Jamás he sido destacado, jamás he resaltado por encima de los demás, y claro, cómo iba a serlo estando a la sombra de ellos dos? Sonreí amargamente, siempre había sido así. Todo lo que narraré a continuación transcurrió en algunos segundos, y sin embargo yo lo sentí como si hubieran sido horas de discusión con mi conciencia; no debería extrañarme, después de todo, dicen que cuando estás a punto de morir tu vida pasa ante tus ojos, y lo que yo planeaba hacer era técnicamente un suicidio. Como cuál de los dos quería ser?

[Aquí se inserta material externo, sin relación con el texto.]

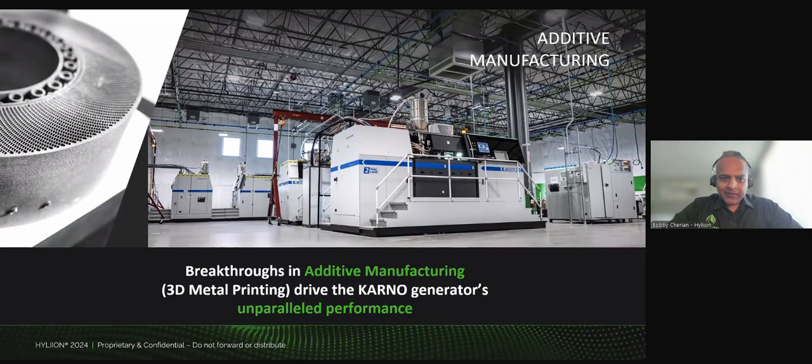The fascinating part about the generator is that we actually make all of the components internally within our facility using additive manufacturing, or 3D printing. You'll see on the left-hand side of the page one of the parts that goes into the system — you couldn't do this with traditional manufacturing processes. This is what allows us to get really high levels of efficiency and really disconnect the reaction of the fuel from the rest of the power system, by using really intricate heat exchangers such as this.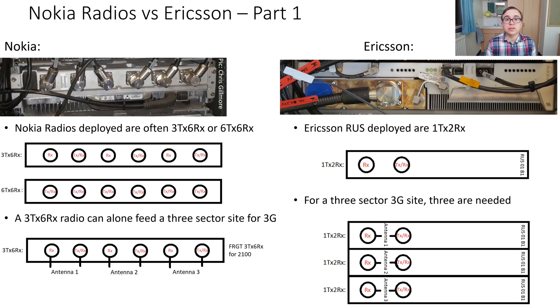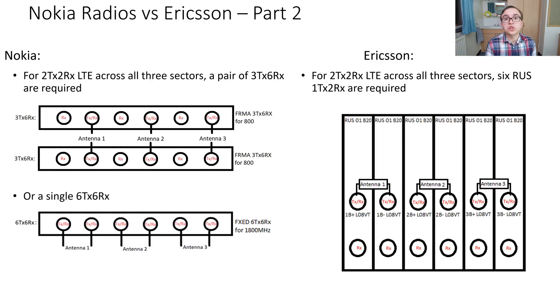Meanwhile, the Ericsson radios used by O2 are 1TX-2RX each. So to do a three sector 3G site you need three radios, since each radio can do one sector of one transmit and two receive. For 4G, things become more complicated because operators want to operate with at least two transmit streams, meaning two transmit and two receive per sector. Over three sectors, that means six transmit and six receive are required.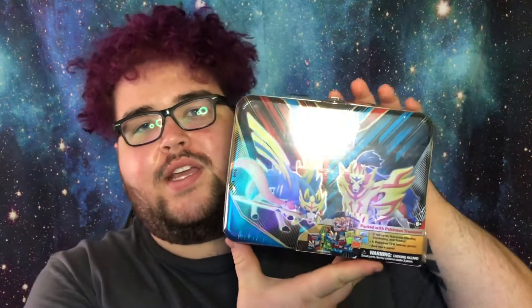Hey everybody, welcome back to the channel where I bring you brand new Pokemon videos every Tuesday and Friday. Today I'm super excited to be opening the 2020 Collector's Chest. I'm a little late to the party opening this, but I've been wanting to open it for a while and I finally decided to grab one.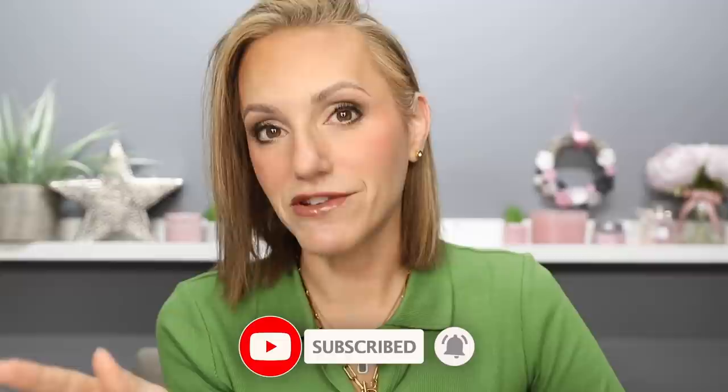Hi everyone and welcome to April Faves and Fails. This is my first time back in this chair since I took a little bit of a holiday with my family over Easter. Thank you very much for all of you who sent messages telling me to let my hair down and relax — I certainly did that, although I think we can class my holiday as a working holiday as I was testing out a lot of SPFs for you all for a future video.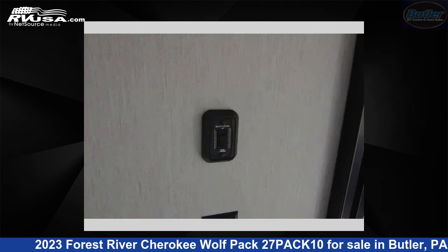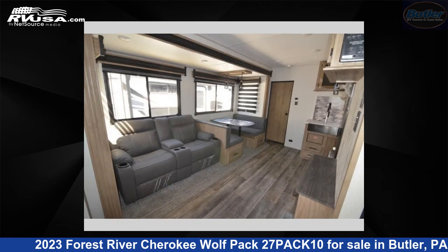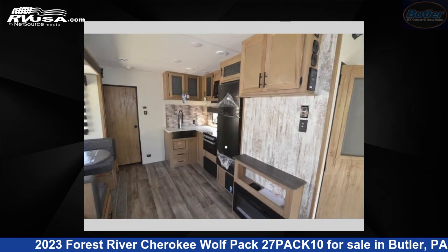The floor plan layout of this toy hauler features a front bedroom and outdoor kitchen. For more information and pricing on this unit, and to see all units available for sale by Butler RV Center, visit rvusa.com.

Orion, mi padre. Su tumba no se había enfriado cuando yo ya estaba pensando traicionar su memoria. De haberse enterado, me habría dado una paliza... otra... Admito que no me dolió su muerte, aunque aparenté estar dignamente desolado cuando verdaderamente me daba igual. Nunca recibí una palabra amable de su parte. Nunca. Qué pensaría el difunto señor Black de mi plan? Estaba tan orgulloso de que me hubiera unido a los mortífagos, tan orgulloso de que su hijo tuviera la valentía que a él le faltaba para decantarse por un bando y no apoyar desde las sombras con murmullos y discursos a puerta cerrada. Mi padre. Cómo podía estar orgulloso de que me uniera a un grupo de asesinos sin corazón? Supongo que porque él tampoco tenía corazón y porque yo era simplemente el segundo resultado del matrimonio con su prima. Desde que tengo conciencia, lo único que escuchaba era que los muggles y los mudbloods son los culpables de todo, que los únicos magos con derecho a ser eran los purebloods y que no había nada ni nadie por encima de un Black. Se supone que eso es lo que debe escuchar un niño de tres años? Lo dudo mucho, sin embargo esa fue la educación que recibí en el número 12 de Grimmauld Place, el peor lugar para crecer.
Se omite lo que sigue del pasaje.